Czego Ci z całego serca życzę.
Niezłe miałaś przeżycie.

Nie zazdroszczę.
Dziewczynki napiszę Wam coś co mi się teraz przypomniało ze świąt,a dotyczy mnie i mojego M.
Wieczorkiem po imprezie mój kochany lekko zachwiany jeszcze Daruś zrobił lekcję miłości rodzinnej





.
To znaczy tłumaczył dzieciom jak on mocno kocha mamusię i że ich obowiazkiem jest kochać rodziców i siebie nawzajem bez względu na wszystko.



To co mnie najbardziej wzruszyło ,to słowa D wypowiedziane tak od serca :
"Uwierzyłem w miłość na nowo,jak w kościele na misjach było odnowienie ślubów.
Uwierzcie dzieci,że wtedy dotarło do mnie,że miłośc istnieje ,że ta miłośc jest w nas .
Jedyny problem to taki,że trzeba ją rozpalić i pilnowac,żeby nie zgasła.

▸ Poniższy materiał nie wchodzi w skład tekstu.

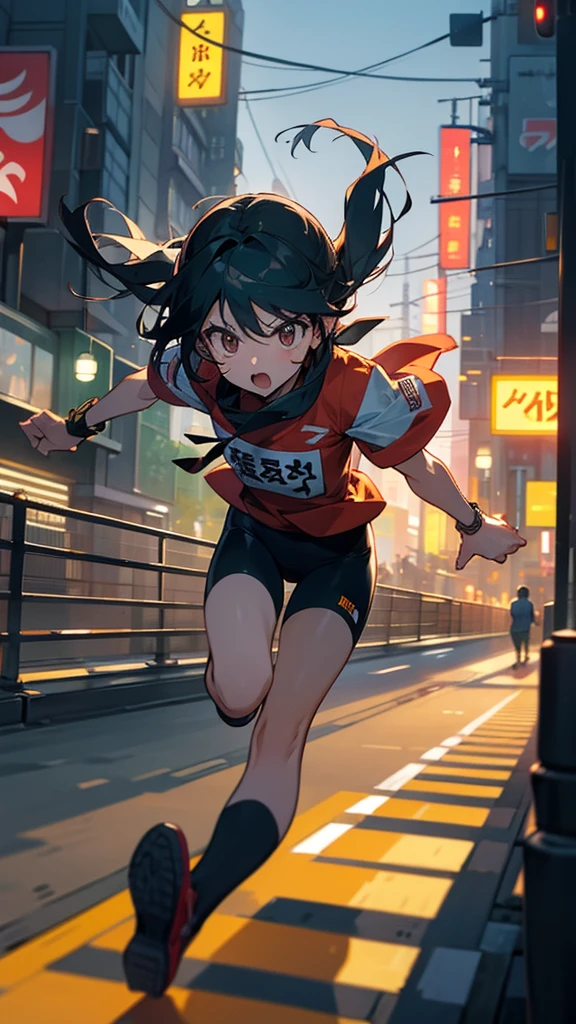 I want a picture of one in Tokyo city running at night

Tak dzieci ,dziękuję Waszej mamie ,że pomimo,iż tyle kiedyś przeze mnie wycierpiała ,ona nadal jest i nas kocha."
Dziękuję bardzo i mnie wtedy pocałował,przytulił i się popłakał.
A ja razem z Nim ryczałam.
Dzieci były w szoku ,ale podeszły do nas i też je przytuliśmy.
To była chyba najpiękniejsza chwila tych świąt.